**DIRECTIONS FOR THIS TASK:**
Set every entry down again exactly, excluding any pictures.

**EXCERPTED DATA:**
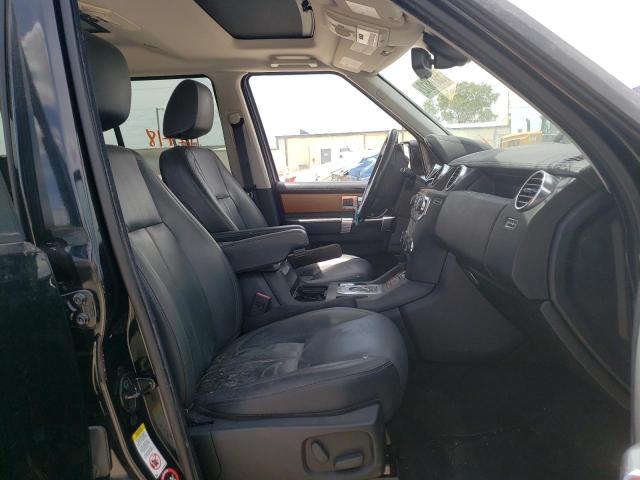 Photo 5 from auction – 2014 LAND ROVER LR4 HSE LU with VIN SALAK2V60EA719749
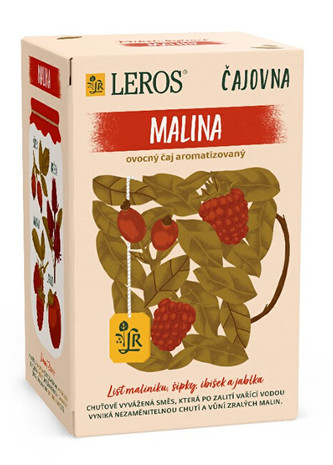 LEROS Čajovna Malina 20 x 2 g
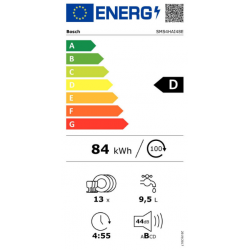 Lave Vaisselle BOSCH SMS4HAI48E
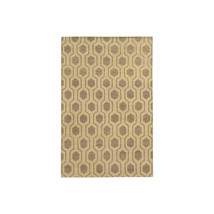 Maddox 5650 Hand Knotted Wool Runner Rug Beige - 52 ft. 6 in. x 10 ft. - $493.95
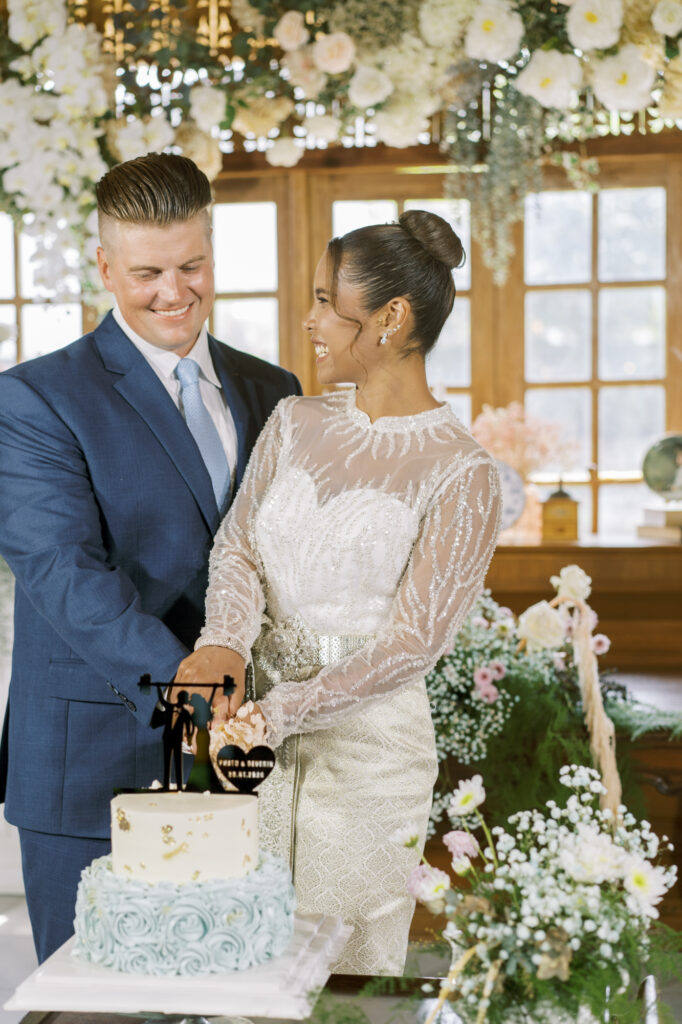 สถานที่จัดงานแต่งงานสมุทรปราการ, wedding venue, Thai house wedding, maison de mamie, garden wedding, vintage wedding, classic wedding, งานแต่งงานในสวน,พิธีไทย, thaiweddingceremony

**SOLVED EXERCISE:**
 Photo 5 from auction – 2014 LAND ROVER LR4 HSE LU with VIN SALAK2V60EA719749
 LEROS Čajovna Malina 20 x 2 g
 Lave Vaisselle BOSCH SMS4HAI48E
 Maddox 5650 Hand Knotted Wool Runner Rug Beige - 52 ft. 6 in. x 10 ft. - $493.95
 สถานที่จัดงานแต่งงานสมุทรปราการ, wedding venue, Thai house wedding, maison de mamie, garden wedding, vintage wedding, classic wedding, งานแต่งงานในสวน,พิธีไทย, thaiweddingceremony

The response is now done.